Each of those “letting goes” were their own liminal stages. Rebuilding a home had its own pace and timeline. But ultimately that was a transition that came to a close. We did the things that one does in moving to a new place. We got new driver’s licenses. We found a new family doctor. We made new friends. We got to know our new home and our new neighbourhood.
The transition of work was very different. When we left, I had numerous commitments in Edmonton. I spent the next year commuting back and forth as I followed through and fulfilled those contracts. And I have kept doing that ever since. While my work in Alberta has tapered off, it hasn’t gone away. And while it has taken time, I’ve also begun to build up a presence and a reputation again in Ontario. The challenge has been that, in the intervening years, I’ve often felt torn between west and east. I’ve been in-between both places, and haven’t always felt that I’ve fully inhabited either. Six years on, however, I joked to a friend that “I can’t really make the argument that I’m in transition anymore.”
That realization was, for now, the end of that particular journey. The wrestling of the liminal stage was about exploring and figuring out how to build a life that involves, today, working in two very different places. It was about recognizing and coming to the appreciation that my new status wasn’t about “being in transition.” It was about “firmly having my feet in two different provinces.” While I’m physically in between both places (and I’m actually currently in Edmonton as I write this), that is in point of fact my current role and status.

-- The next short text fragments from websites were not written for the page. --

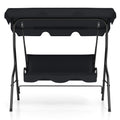 3 Seat Outdoor Patio Canopy Swing with Cushioned Steel Frame-Black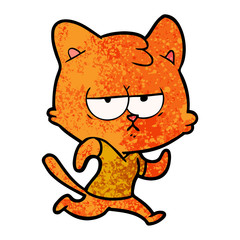 Obraz na płótnie Canvas bored cartoon cat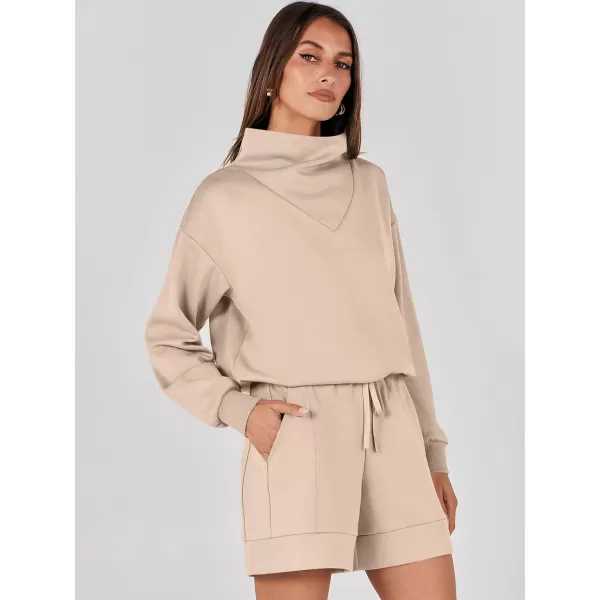 imageANRABESS Women 2 Piece Outfits Sweatsuits Cowl Neck Sweatshirts amp Lounge Shorts Matching Sweat Sets Tracksuit SetKhaki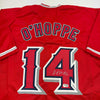 Autographed/Signed Logan O'Hoppe Los Angeles LA Anaheim Red Baseball Jersey Beckett BAS COA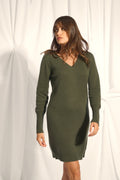 Robe Col V - Tracy - Kaki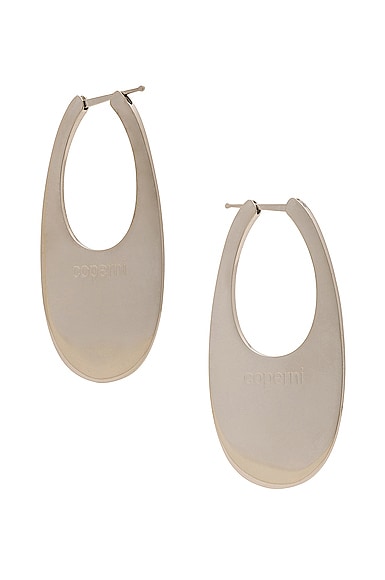 Large Swipe Earrings in Metallic Silver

That doesn’t mean that I won’t change again. And that’s probably the predominant feature of transitioning into and then finally leaving the postliminal stage. We often think that we need to make the right decision, to find the perfect choice, as if once made it will never change. And of course it will change. While we can’t go back, we can still move forward. And we will keep moving forward. Sometime in the future, my role and my status will shift again. I may finally transition fully to Ontario. And then I again I may transition somewhere else entirely.
That’s the wonderful thing about life, and about liminality. You can always be in-between. Not as a permanent state of indecision, necessarily, but constantly changing and transforming, growing and evolving. For all the choices you make today, there will be future ones for you to explore and consider. Some you will embrace. Others may be thrust upon you. And while it might feel uncertain and uneven and sometimes downright scary as you go through the transition, eventually we all come out the other side.